=== EXERCISE REQUIREMENTS ===
Restate word for word the lines of the entries below, starting with the line that holds "2019 TESLA MODEL 3 5YJ3E1EB6KF406819 Photo 3" and ending with the line that holds "Kia Sorento IV", and no others.

=== GIVEN RECORDS ===
◇ ◇ ◇ ◇ ◇ ◇ ◇

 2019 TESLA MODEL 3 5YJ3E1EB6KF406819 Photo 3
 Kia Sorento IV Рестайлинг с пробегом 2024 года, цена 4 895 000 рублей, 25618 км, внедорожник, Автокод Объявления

◇ ◇ ◇ ◇ ◇ ◇ ◇

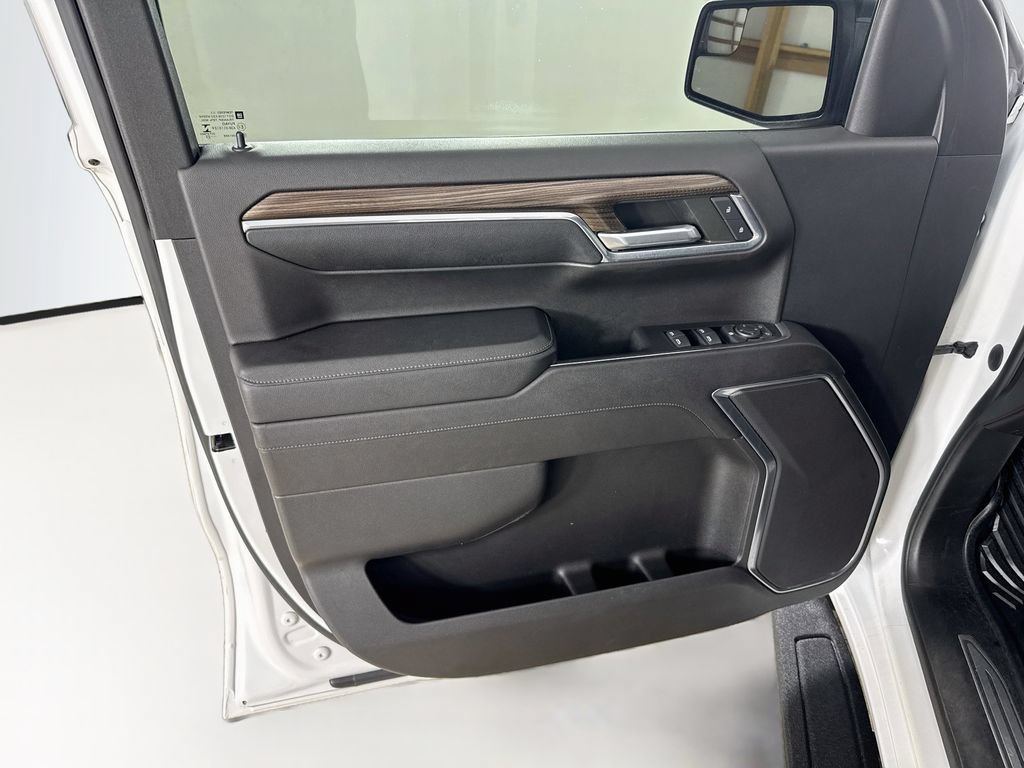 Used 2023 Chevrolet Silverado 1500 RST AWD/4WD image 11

◇ ◇ ◇ ◇ ◇ ◇ ◇

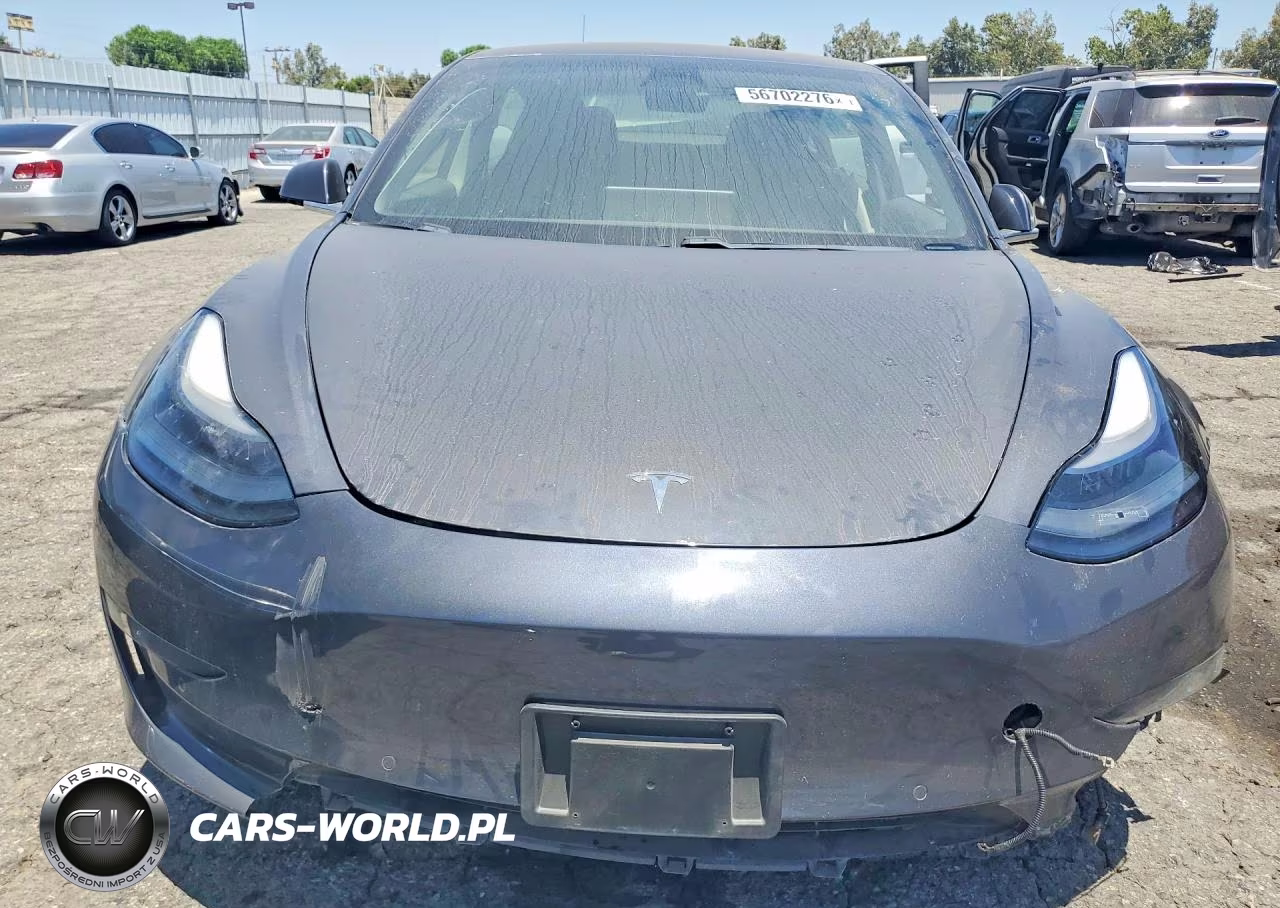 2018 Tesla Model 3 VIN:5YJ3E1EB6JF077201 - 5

◇ ◇ ◇ ◇ ◇ ◇ ◇

=== OUTPUT BELOW ===
 2019 TESLA MODEL 3 5YJ3E1EB6KF406819 Photo 3
 Kia Sorento IV Рестайлинг с пробегом 2024 года, цена 4 895 000 рублей, 25618 км, внедорожник, Автокод Объявления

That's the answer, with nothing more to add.